Two million Ukrainians are wanted for evading mobilisation, and another 200,000 soldiers are absent without official leave, Ukraine’s new defence minister Mykhailo Fedorov said on Wednesday. Geography partly explains why determined Ukrainian troops could push back in Kupiansk. The former railway hub is surrounded by forests and split in two by the Oskil river — a natural obstacle that made it harder for Russian units trying to establish a foothold. Troops near Huliaipole have to contend with the steppe landscape of the largely flat Zaporizhzhia region.
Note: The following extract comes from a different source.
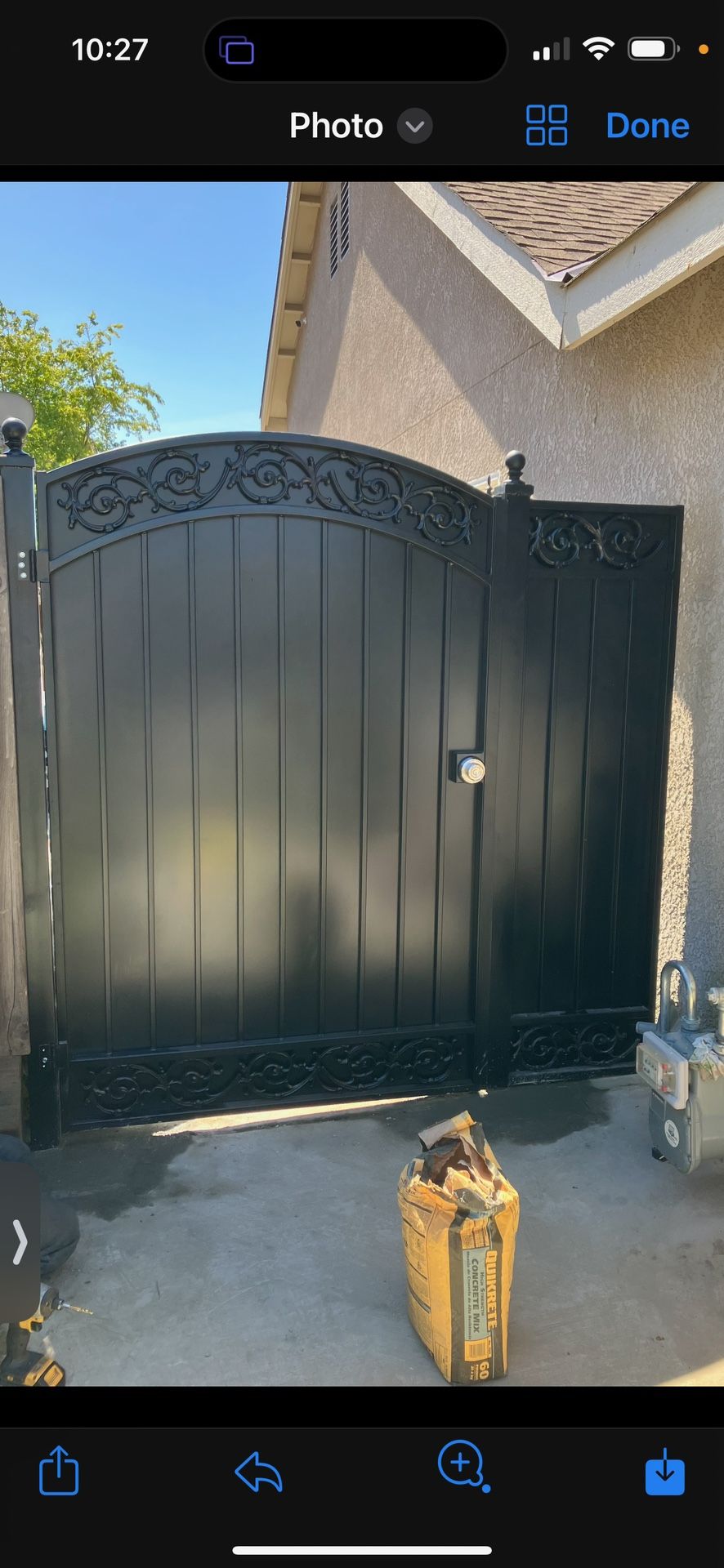 We Make Iron Works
By mid-December, Ukrainian troops had been successful enough to allow Volodymyr Zelenskyy to shoot a video in front of the concrete sign marking the Kupiansk city limits, giving the country’s president a chance to emphasise the rare military success two days before crucial talks with the US in Berlin. “Today, it is extremely important to achieve results at the front, so that Ukraine can achieve results in diplomacy,” Zelenskyy said in the video. He claimed a few days later the Ukrainian advances in Kupiansk had “a great impact on the Americans and the Europeans” as Kyiv sought to counter Russian claims of a Ukrainian military on the verge of defeat.
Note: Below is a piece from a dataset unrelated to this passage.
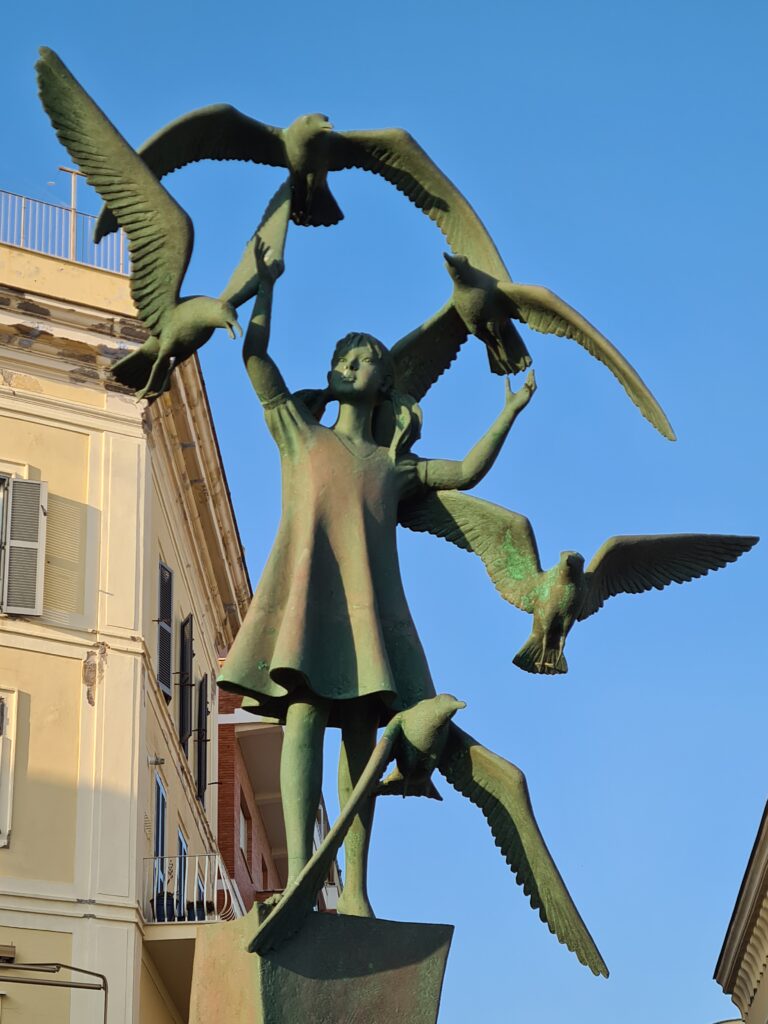 Pomnik Angelity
While Zelenskyy was celebrating, Ukraine’s forces on the southern front in the agrarian plains surrounding Huliaipole were mired in confusion and chaos. That allowed Russian forces to advance nearly 15km in two months, beating undermanned Ukrainian brigades to reach the city itself last month. Top Ukrainian general Oleksandr Syrsky blamed the Russian advance on the 102nd brigade, a territorial defence unit based around Huliaipole. The unit had not managed to “withstand the enemy’s pressure”, allowing Russian troops to enter the city and capture an intact battalion command post, he told Ukrainian TV.
Such brigades were built up in the early stages of the Russian invasion and often have poorer equipment and fewer soldiers. “These are typically weaker units, territorial defence brigades often don’t have a good drone component for example,” said Lee, the military analyst. Huliaipole was still contested with battles ongoing, Vladyslav Voloshyn, a spokesperson for Ukraine’s southern defence forces, told Ukrainian television on Sunday.
Russian troops also pushed elsewhere on the southern front to reach within 15km of the regional capital of Zaporizhzhia, according to the Ukrainian war monitoring group DeepState. Kyiv dispatched the 225th assault regiment to Huliaipole to shore up defences in late November. The intense use of assault units has been controversial. Critics argue that, in a situation where all brigades struggle to fill their ranks, the priority given to assault units could leave regular brigades, some of which have been guarding swaths of the front for months and even years, even more starved of men.
Kupiansk and Huliaipole, both hollowed out by years of artillery and drone strikes, before the war were unremarkable towns of some 20,000 residents. They are secondary objectives as Moscow remains focused on fully capturing the coal-rich Donetsk region in a part of eastern Ukraine known as the Donbas, analysts and Ukrainian soldiers say. The commander of Kyiv’s 429th UAV regiment, an elite drone formation operating across the front line, said Russia’s tactic of pushing across a wide front aimed to prevent Ukraine from reinforcing the parts of the front line Moscow considered the most important. That explained Russian attacks in parts of the front line far from Donbas, “where the enemy is concentrating its efforts”, Yuriy Fedorenko said. The tactic “forces us to throw additional reserves there . . . and does not give us the opportunity to allocate the necessary reserve to strengthen the priority areas”, Fedorenko said.